Drugs and alcohol can interfere with a person’s sexual appetite and performance, depending on what type and how much of a particular substance he or she consumes. A new study from the Stanford University School of Medicine shows that frequent marijuana users actually have more sex than those who don’t use the drug.
According to Michael Eisenberg, M.D., the study’s senior author: “Frequent marijuana use doesn’t seem to impair sexual motivation or performance. If anything, it’s associated with increased coital frequency.”
More than 50,000 Americans aged 25-45 took part in the research, which was published in the Journal of Sexual Medicine. It’s the first study of its kind to examine how marijuana use affects the frequency of sexual intercourse among Americans.
Eisenberg was sure to point out that the study did not directly correlate marijuana use and sexual activity; however, the results indicate there is a connection. He explained, “The overall trend we saw applied to people of both sexes and all races, ages, education levels, income groups and religions, every health status, whether they were married or single and whether or not they had kids.”
According to a 2015 poll taken by Forum Research, 20 percent of Canadians consumed marijuana in the previous year. More than 30 percent said they would do so if it was made legal. That number is likely to grow after the country legalizes the drug next summer.
This study is particularly interesting because some heavy users have previously reported erectile dysfunction, and other research has linked marijuana use to reduced sperm counts.
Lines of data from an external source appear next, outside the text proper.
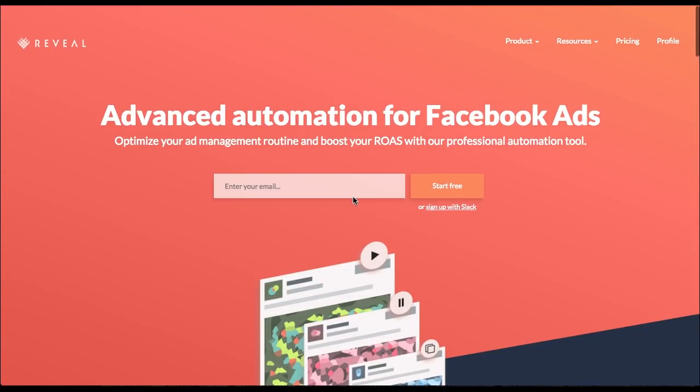Hi there and welcome to Reveal, an advanced automation tool for Facebook Ads. My name is Iskander and I'm going to show you how to create your first automated rule with Reveal. Let's get started.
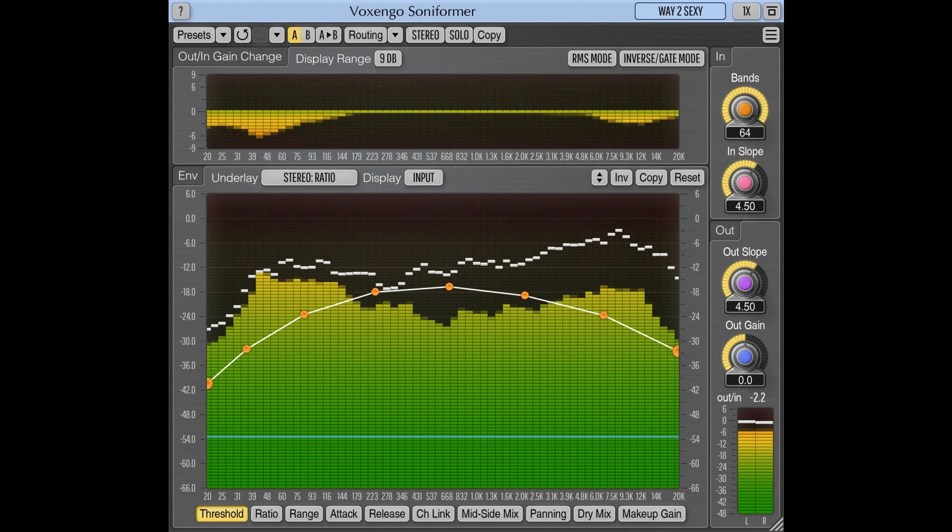Soniformer is a spectral mastering dynamics processor plug-in for professional music production applications, available in AAX, Audio Unit, VST, and VST3 plug-in formats for macOS and Windows computers.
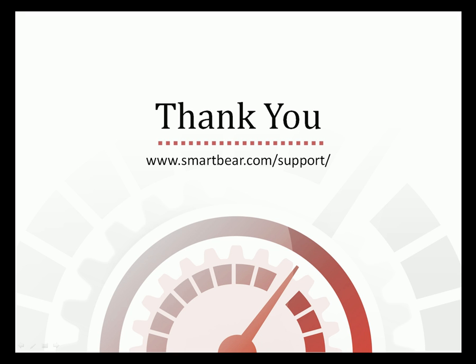This concludes our demonstration on how to profile ASP.NET applications with AQTime. If you have any questions, please don't hesitate to contact our sales managers or our support team at the URL on your screen. We wish you luck and hope you enjoy profiling your applications with AQTime.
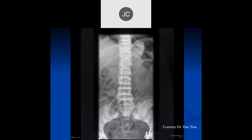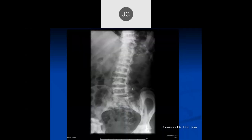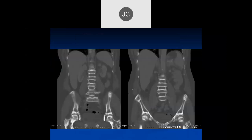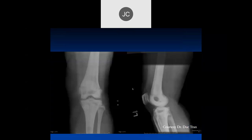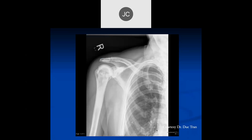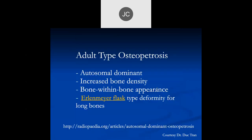X-ray of the lumbar spine shows decreased bone mineral density in the vertebral bodies and possibly increased density at the end plates — it looks like a bone inside of a bone. CT shows the same picture. This is osteopetrosis — an autosomal dominant condition giving you increased bone density with this typical bone-in-bone appearance and the typical Erlenmeyer flask deformities in the long bones, especially the distal femur.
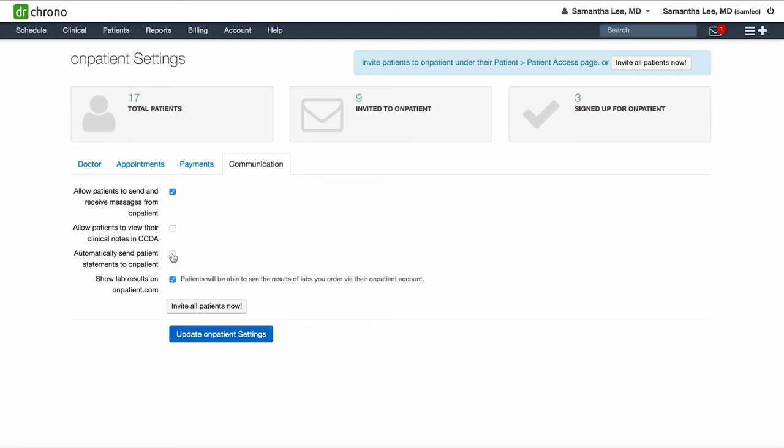If you check off this box, it will automatically send patient statements to onpatient. The last setting will automatically display lab results on onpatient.com. If you prefer to review lab results before sharing them with your patient, I recommend unchecking this box, and then you can directly send lab results to your patient.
However, some experiments have shown that consuming marijuana stimulates the part of the brain responsible for sexual arousal and activity.
The Stanford study involved a survey in which participants revealed how many times they had intercourse with a member of the opposite sex over the past four weeks and how frequently they smoked marijuana over the past year.
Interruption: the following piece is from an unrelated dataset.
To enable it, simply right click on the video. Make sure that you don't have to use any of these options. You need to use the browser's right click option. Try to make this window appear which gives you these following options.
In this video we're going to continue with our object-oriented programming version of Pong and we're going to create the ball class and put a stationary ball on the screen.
About 24.5 percent of the male respondents and 14.5 percent of the female respondents reported using marijuana. There was a clear connection between the frequency of marijuana use and frequency of sexual intercourse. For example, men who denied using marijuana in the past year had sex on average 5.6 times over four weeks, while daily users reported having sex 6.9 times over the same period. In short, people who consumed marijuana had 20 percent more sex.
Eisenberg noted that people who want more sex shouldn’t start using marijuana: “It doesn’t say if you smoke more marijuana, you’ll have more sex.”